/rpviz

Visualize pathways from the RetroPath Suite

Primary LanguageJavaScriptMIT LicenseMIT

rpviz -- Visualize pathways from the RetroPath Suite

Installation

conda create --name <myenv>
conda activate <myenv>
conda install -c brsynth -c conda-forge -c bioconda rpviz

<myenv> has to be replaced by whatever meaningful name that will pleased the user.

Usage

Produce the HTML files

python -m rpviz.cli <input-folder> <output-folder>

To view the pathways, open the index.html file outputted in <out-folder> using any web browser.

Example

Using a folder as input:

conda activate <myenv>
python -m rpviz.cli sample/input/as_dir sample/output/as_dir

Using a tar file as input:

conda activate <myenv>
python -m rpviz.cli sample/input/as_tar.tgz sample/output/as_tar

Command line arguments

positional arguments:
  input_rpSBMLs         Input file containing rpSBML files in a 
                        tar archive or a folder.
  output_folder         Output folder to be used.

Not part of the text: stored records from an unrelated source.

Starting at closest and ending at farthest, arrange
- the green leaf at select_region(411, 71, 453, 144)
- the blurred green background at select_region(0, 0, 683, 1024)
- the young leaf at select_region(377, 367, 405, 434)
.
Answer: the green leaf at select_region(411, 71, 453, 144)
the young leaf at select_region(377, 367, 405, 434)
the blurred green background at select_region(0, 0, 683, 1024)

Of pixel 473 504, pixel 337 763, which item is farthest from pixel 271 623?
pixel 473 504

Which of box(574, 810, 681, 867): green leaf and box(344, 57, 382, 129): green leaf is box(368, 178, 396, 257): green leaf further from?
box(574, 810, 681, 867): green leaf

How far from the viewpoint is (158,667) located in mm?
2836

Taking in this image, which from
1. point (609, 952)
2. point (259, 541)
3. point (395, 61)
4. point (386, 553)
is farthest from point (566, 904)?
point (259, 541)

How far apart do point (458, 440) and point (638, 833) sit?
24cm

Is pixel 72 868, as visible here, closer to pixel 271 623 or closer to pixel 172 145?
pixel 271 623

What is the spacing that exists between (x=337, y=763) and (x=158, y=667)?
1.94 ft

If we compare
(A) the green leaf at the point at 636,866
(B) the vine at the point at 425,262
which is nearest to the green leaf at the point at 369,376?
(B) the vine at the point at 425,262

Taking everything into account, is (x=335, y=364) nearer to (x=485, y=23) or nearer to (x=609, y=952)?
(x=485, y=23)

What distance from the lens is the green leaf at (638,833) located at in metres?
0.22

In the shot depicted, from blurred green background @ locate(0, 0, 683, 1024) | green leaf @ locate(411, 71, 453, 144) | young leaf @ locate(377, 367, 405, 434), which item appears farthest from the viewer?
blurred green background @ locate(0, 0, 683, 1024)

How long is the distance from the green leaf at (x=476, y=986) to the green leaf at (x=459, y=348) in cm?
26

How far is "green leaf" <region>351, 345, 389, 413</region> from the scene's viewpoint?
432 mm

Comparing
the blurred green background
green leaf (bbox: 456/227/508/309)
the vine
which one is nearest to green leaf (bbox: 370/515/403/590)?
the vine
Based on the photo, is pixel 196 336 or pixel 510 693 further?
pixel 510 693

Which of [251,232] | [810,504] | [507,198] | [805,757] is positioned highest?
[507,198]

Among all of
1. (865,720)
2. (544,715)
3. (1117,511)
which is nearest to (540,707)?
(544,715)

If it does not 
                        exist, an attempt will be made to create 
                        it.It the creation of the folder fails, 
                        IOError will be raised.

optional arguments:
  -h, --help            show this help message and exit
  --debug               Turn on debug instructions
  --template_folder TEMPLATE_FOLDER
                        Path to the folder containing templates
  --cofactor COFACTOR   File listing structures to consider as 
                        cofactors.
  --autonomous_html AUTONOMOUS_HTML
                        Optional file path, if provided will 
                        output an autonomous HTML containing
                        all dependancies.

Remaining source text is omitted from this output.